Segment Open

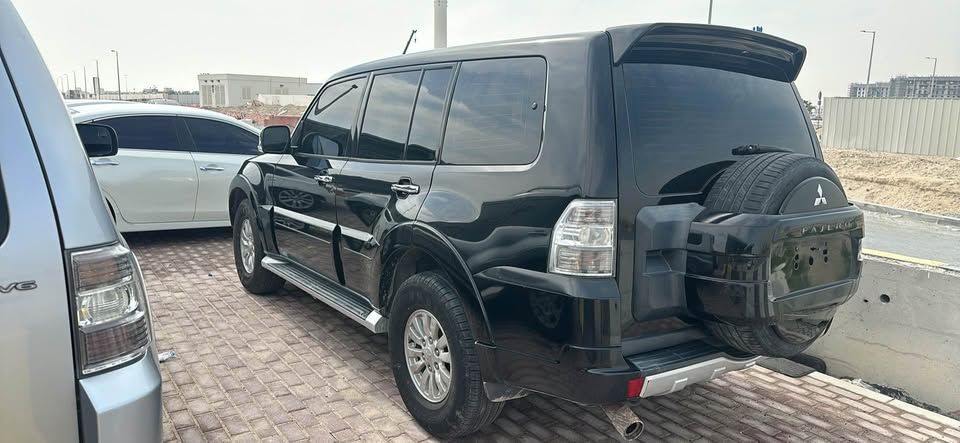 2013 Mitsubishi Pajero GLS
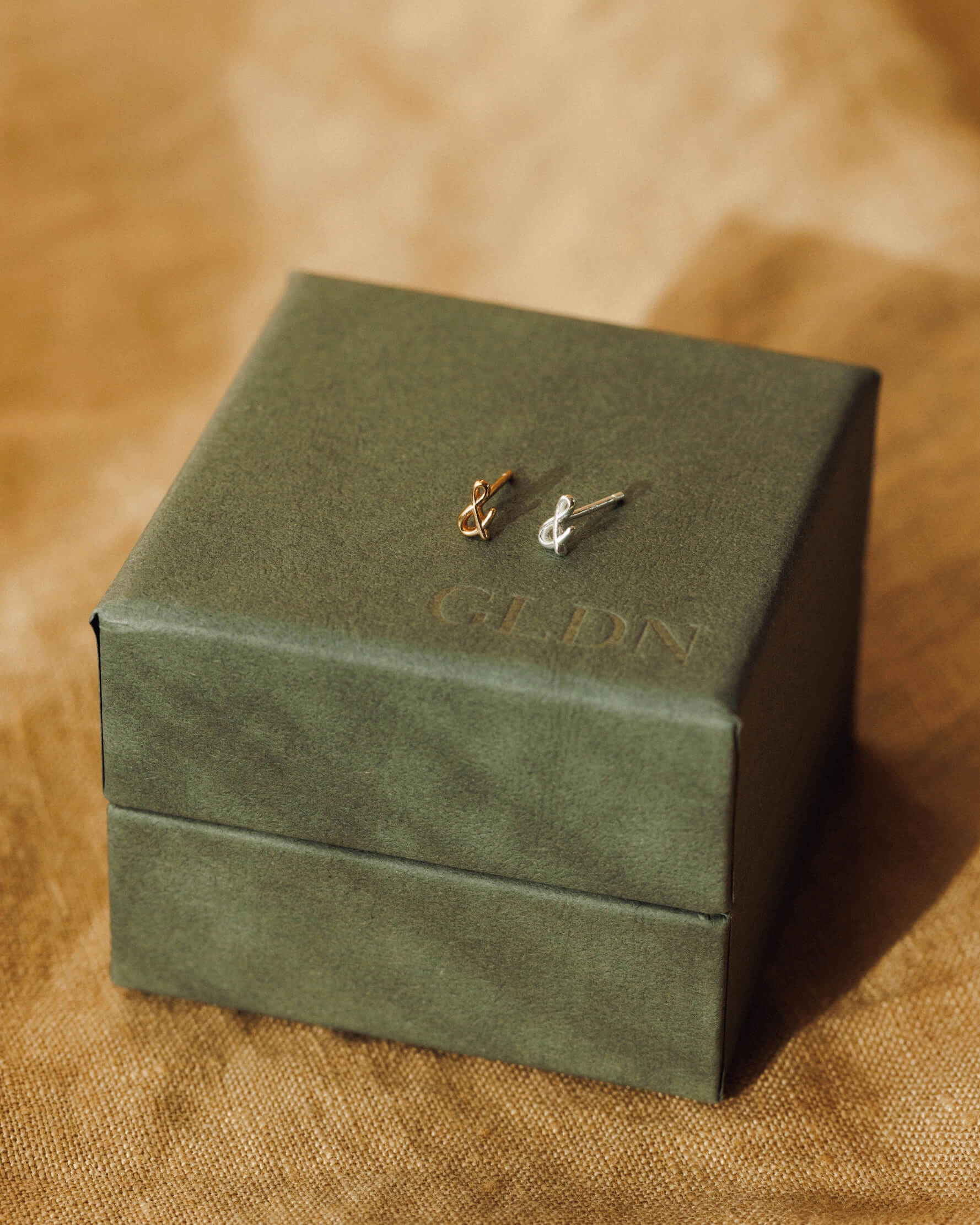 Ampersand Studs Model Fit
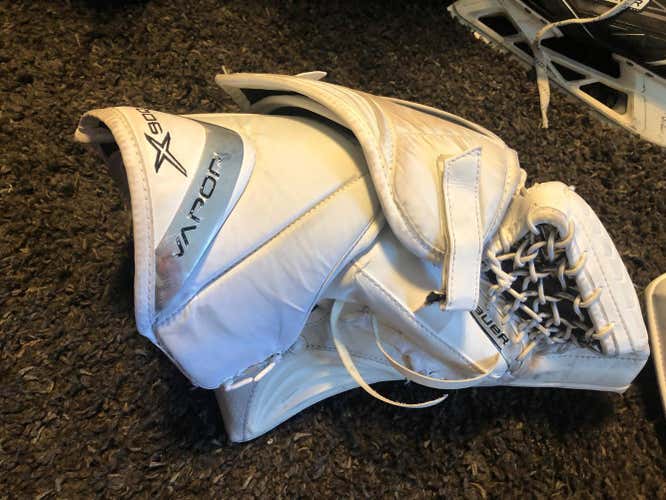 Bauer X900 Goalie Glove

Segment Closed

### BRIEF:
What this calls for is a word-for-word copy of the listing above, pictures excluded.

### OUTPUT BELOW:
 2013 Mitsubishi Pajero GLS
 Ampersand Studs Model Fit
 Bauer X900 Goalie Glove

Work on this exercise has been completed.